**What is expected:** Exactly reproduce the lines from the top of the entries below through the line containing "This safe has", with both ends included.
[Records shown Boundary: Start]
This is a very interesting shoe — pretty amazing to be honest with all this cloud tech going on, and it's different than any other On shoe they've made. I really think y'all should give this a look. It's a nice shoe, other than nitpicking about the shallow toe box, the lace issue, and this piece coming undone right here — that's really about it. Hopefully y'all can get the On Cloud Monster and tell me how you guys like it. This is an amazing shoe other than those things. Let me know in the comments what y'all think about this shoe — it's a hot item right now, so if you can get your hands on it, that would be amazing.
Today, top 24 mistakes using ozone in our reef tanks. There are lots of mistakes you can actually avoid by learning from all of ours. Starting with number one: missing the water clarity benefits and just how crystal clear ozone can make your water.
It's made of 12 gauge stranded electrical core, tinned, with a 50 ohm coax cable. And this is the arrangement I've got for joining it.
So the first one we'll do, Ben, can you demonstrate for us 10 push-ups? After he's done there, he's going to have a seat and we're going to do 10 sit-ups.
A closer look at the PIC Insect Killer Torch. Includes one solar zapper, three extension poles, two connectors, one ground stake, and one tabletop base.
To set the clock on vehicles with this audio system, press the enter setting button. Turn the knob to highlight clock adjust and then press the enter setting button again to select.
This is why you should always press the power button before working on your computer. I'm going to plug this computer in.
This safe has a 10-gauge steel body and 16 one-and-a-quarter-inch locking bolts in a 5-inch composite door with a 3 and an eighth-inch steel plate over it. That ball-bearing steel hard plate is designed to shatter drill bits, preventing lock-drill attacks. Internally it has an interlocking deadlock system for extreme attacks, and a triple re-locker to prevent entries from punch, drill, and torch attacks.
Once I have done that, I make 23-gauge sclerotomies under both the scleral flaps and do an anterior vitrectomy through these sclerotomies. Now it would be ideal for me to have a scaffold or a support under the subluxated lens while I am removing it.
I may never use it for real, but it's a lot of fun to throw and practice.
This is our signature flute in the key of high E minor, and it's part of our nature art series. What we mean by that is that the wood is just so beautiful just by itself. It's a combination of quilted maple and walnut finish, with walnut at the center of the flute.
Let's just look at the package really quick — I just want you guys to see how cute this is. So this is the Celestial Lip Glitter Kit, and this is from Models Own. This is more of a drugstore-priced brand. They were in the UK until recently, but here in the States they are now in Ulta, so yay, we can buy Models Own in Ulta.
[Records shown Boundary: End]
**Result of this exercise:**
This is a very interesting shoe — pretty amazing to be honest with all this cloud tech going on, and it's different than any other On shoe they've made. I really think y'all should give this a look. It's a nice shoe, other than nitpicking about the shallow toe box, the lace issue, and this piece coming undone right here — that's really about it. Hopefully y'all can get the On Cloud Monster and tell me how you guys like it. This is an amazing shoe other than those things. Let me know in the comments what y'all think about this shoe — it's a hot item right now, so if you can get your hands on it, that would be amazing.
Today, top 24 mistakes using ozone in our reef tanks. There are lots of mistakes you can actually avoid by learning from all of ours. Starting with number one: missing the water clarity benefits and just how crystal clear ozone can make your water.
It's made of 12 gauge stranded electrical core, tinned, with a 50 ohm coax cable. And this is the arrangement I've got for joining it.
So the first one we'll do, Ben, can you demonstrate for us 10 push-ups? After he's done there, he's going to have a seat and we're going to do 10 sit-ups.
A closer look at the PIC Insect Killer Torch. Includes one solar zapper, three extension poles, two connectors, one ground stake, and one tabletop base.
To set the clock on vehicles with this audio system, press the enter setting button. Turn the knob to highlight clock adjust and then press the enter setting button again to select.
This is why you should always press the power button before working on your computer. I'm going to plug this computer in.
This safe has a 10-gauge steel body and 16 one-and-a-quarter-inch locking bolts in a 5-inch composite door with a 3 and an eighth-inch steel plate over it. That ball-bearing steel hard plate is designed to shatter drill bits, preventing lock-drill attacks. Internally it has an interlocking deadlock system for extreme attacks, and a triple re-locker to prevent entries from punch, drill, and torch attacks.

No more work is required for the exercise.